“You’d be so good together. I know you both think Aaron won’t like it—”

“Because he won’t,” I said. “Cole is his best friend.”

“I’m your best friend and he didn’t seem to care much about that.”

“Actually, I distinctly remember him repeatedly using me as a reason the two of you shouldn’t be together.” I gave her a pointed look and she narrowed her eyes at me.

“Oh hush. He just wants you to be happy, and if a certain star quarterback makes you happy then I don’t see what the problem is.”

“I can’t trust him.” It came out a murmured whisper.

“Sofe—”

“Just drop it, Poppy. I’m not in the mood.”
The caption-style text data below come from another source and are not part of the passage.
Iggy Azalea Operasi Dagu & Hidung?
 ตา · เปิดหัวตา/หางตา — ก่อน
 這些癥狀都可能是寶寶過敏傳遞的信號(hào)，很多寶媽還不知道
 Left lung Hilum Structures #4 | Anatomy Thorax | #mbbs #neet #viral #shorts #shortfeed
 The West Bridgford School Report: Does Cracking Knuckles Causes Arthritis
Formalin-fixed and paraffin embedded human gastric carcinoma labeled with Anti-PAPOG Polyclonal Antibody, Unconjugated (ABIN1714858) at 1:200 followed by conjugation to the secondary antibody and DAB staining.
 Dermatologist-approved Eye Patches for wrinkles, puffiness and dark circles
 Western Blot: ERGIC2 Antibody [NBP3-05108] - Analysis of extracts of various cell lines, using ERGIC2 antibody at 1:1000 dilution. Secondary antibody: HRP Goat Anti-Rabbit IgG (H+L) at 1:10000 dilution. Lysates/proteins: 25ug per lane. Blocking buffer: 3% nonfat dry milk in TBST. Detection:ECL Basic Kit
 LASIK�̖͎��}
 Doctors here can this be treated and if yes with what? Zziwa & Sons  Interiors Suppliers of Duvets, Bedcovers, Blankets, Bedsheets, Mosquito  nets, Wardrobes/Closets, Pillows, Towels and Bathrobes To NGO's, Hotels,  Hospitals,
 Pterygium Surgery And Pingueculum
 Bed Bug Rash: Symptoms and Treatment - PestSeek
I didn’t want to think about how I’d trusted Cole with the truth, and he’d betrayed me, ratting me out to my brother the first chance he got. Even if he maintained he only did it for my benefit, he’d still broken his promise. And now the truth was even more dangerous.

How could I ever trust Cole with this?

I couldn’t.

I wouldn’t.

No matter how good it had felt to be in his arms.

Even if I did lower my defenses long enough for him to infiltrate my heart, what was the point?

My life was about to get a whole lot complicated. If Dr. Google was correct, I had a future of chemotherapy and various cancer treatments to look forward to.

It was senior year.

Cole would run the other way when he realized what my future looked like, and I couldn’t blame him for that.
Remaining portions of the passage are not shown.